(SOURCE DATA)
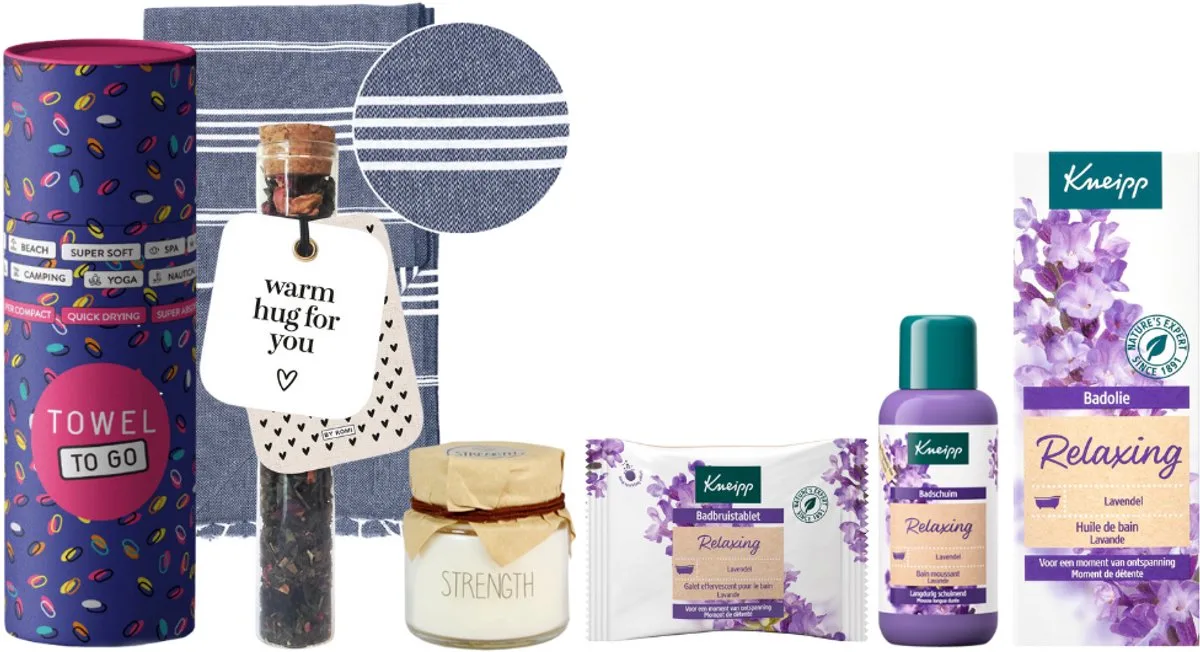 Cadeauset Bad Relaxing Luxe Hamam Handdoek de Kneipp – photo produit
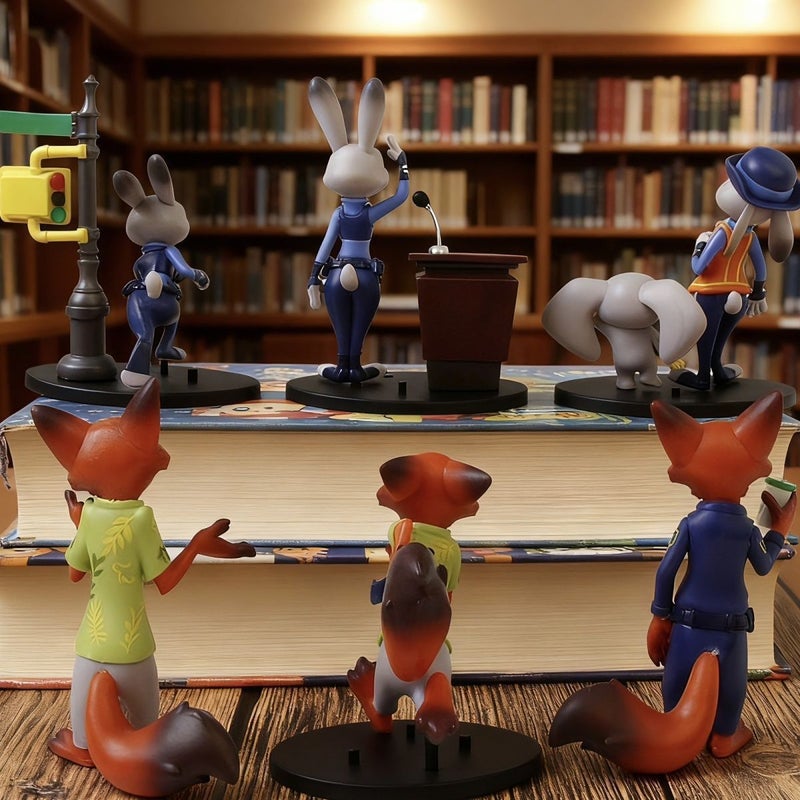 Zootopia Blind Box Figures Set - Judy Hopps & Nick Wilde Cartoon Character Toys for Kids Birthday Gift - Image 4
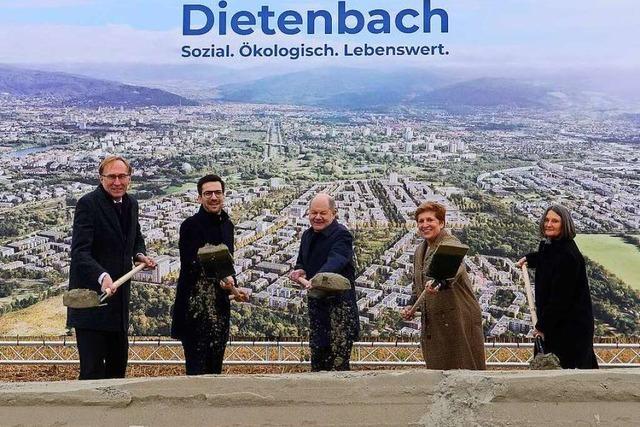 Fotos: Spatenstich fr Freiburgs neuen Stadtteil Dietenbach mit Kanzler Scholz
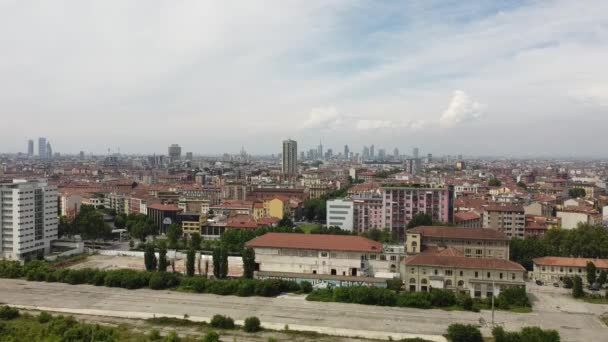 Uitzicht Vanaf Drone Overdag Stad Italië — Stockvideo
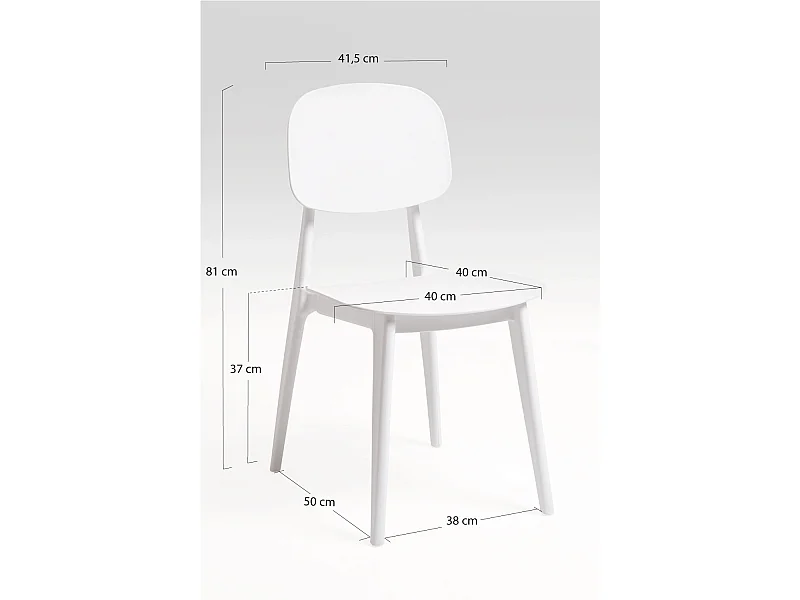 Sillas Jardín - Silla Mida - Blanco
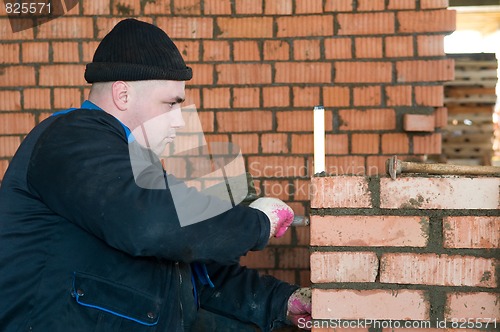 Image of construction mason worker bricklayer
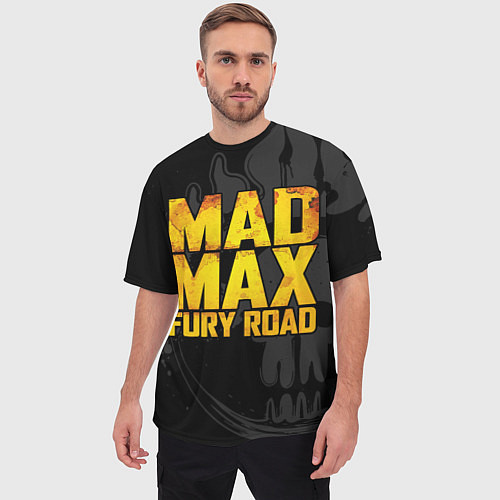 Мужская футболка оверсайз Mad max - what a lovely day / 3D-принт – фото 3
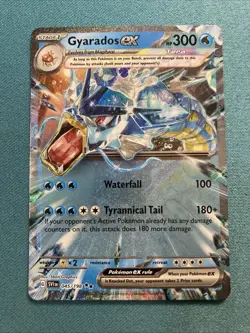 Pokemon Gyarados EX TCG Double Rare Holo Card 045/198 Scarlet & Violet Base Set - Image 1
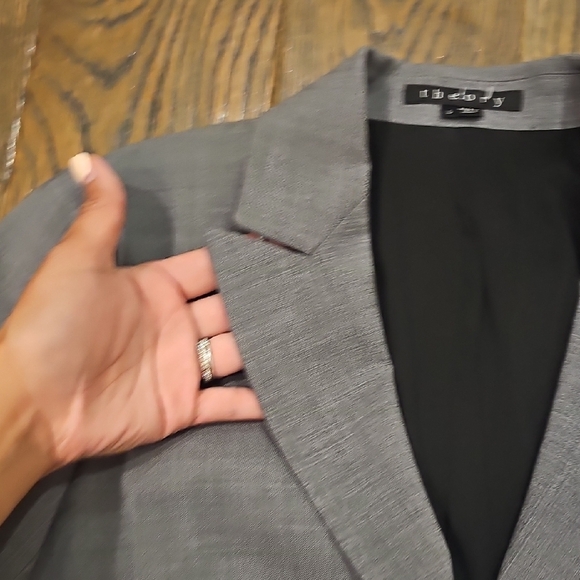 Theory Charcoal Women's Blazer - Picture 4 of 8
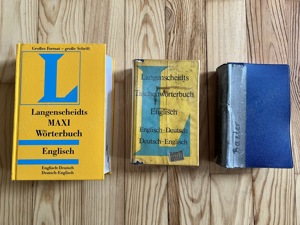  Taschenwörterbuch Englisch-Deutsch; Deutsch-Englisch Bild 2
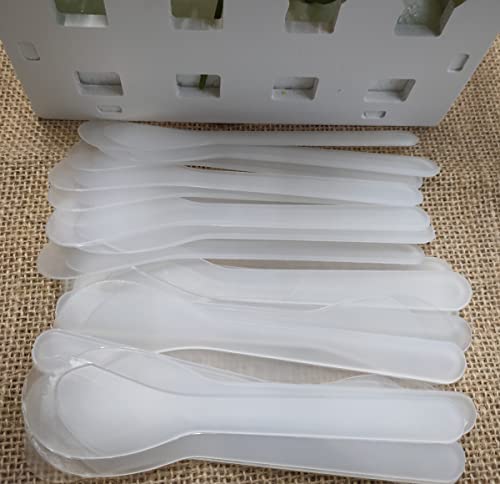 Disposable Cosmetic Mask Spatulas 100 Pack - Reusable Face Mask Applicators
(End SOURCE DATA)
» **EXERCISE**:
Output only the stretch above from the line with "Uitzicht Vanaf Drone" through the line with "Theory Charcoal Women's", reproduced exactly. Exclude pictures.

» **YOUR RESPONSE**:
 Uitzicht Vanaf Drone Overdag Stad Italië — Stockvideo
 Sillas Jardín - Silla Mida - Blanco
 Image of construction mason worker bricklayer
 Мужская футболка оверсайз Mad max - what a lovely day / 3D-принт – фото 3
 Pokemon Gyarados EX TCG Double Rare Holo Card 045/198 Scarlet & Violet Base Set - Image 1
 Theory Charcoal Women's Blazer - Picture 4 of 8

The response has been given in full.